Work instruction - Below are some records. Write out exactly their lines from the one with "Ben jij op zoek" through the one with "Photo - Charming", and leave the pictures behind.

Entries provided -
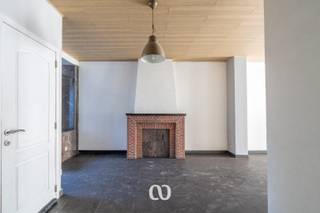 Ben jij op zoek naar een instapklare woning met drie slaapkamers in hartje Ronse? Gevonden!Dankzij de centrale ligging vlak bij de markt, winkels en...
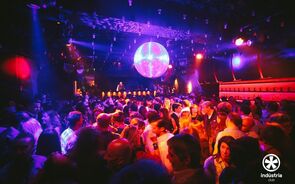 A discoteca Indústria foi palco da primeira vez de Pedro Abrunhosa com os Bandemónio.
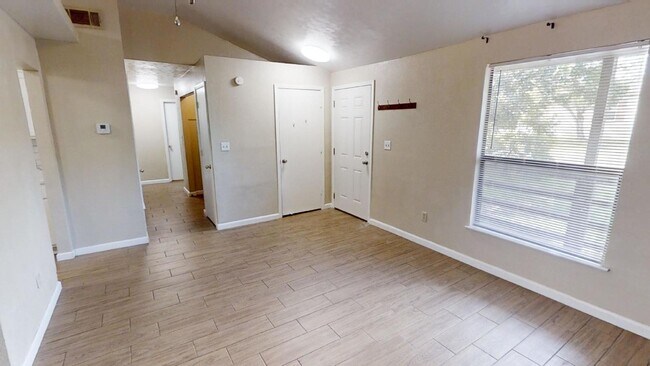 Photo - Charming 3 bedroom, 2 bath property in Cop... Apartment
--
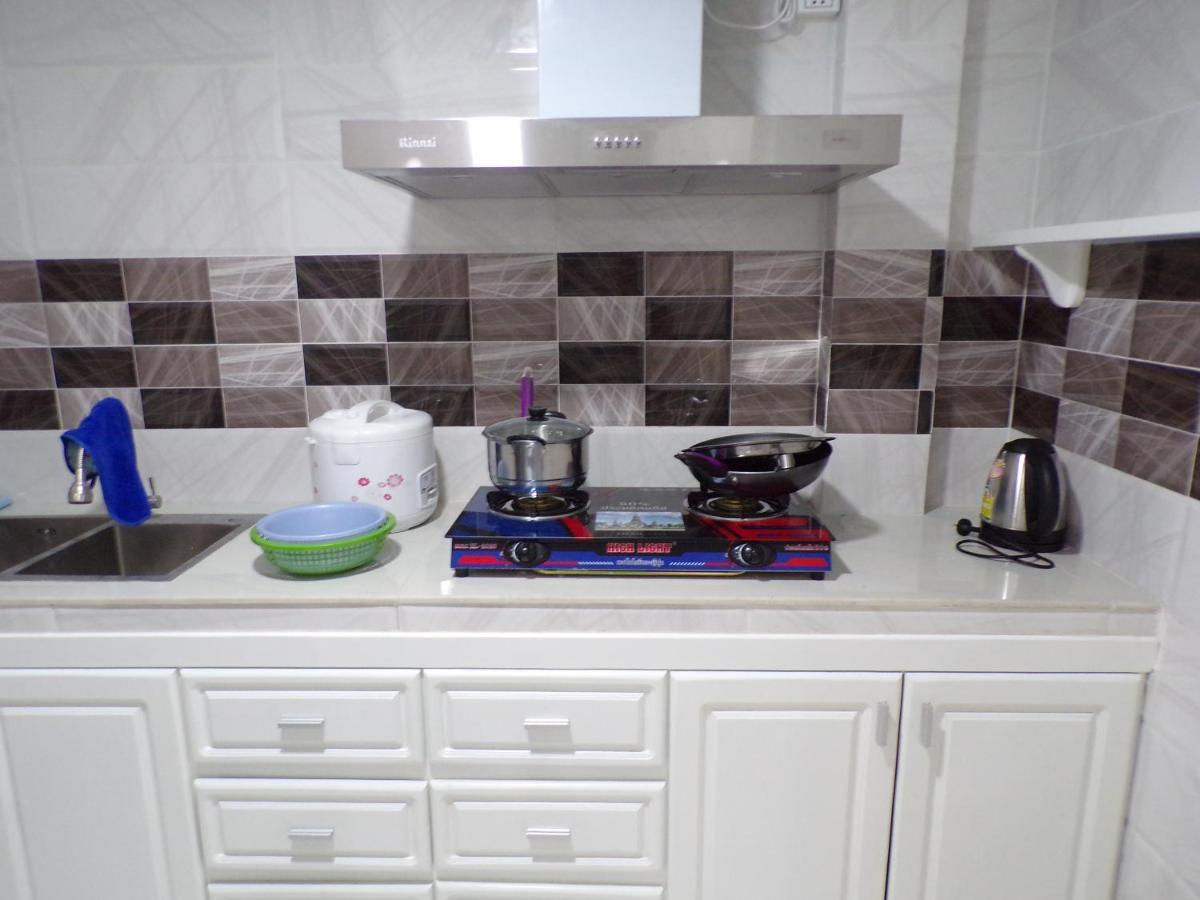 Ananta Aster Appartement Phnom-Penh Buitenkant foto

Reply to the task -
 Ben jij op zoek naar een instapklare woning met drie slaapkamers in hartje Ronse? Gevonden!Dankzij de centrale ligging vlak bij de markt, winkels en...
 A discoteca Indústria foi palco da primeira vez de Pedro Abrunhosa com os Bandemónio.
 Photo - Charming 3 bedroom, 2 bath property in Cop... Apartment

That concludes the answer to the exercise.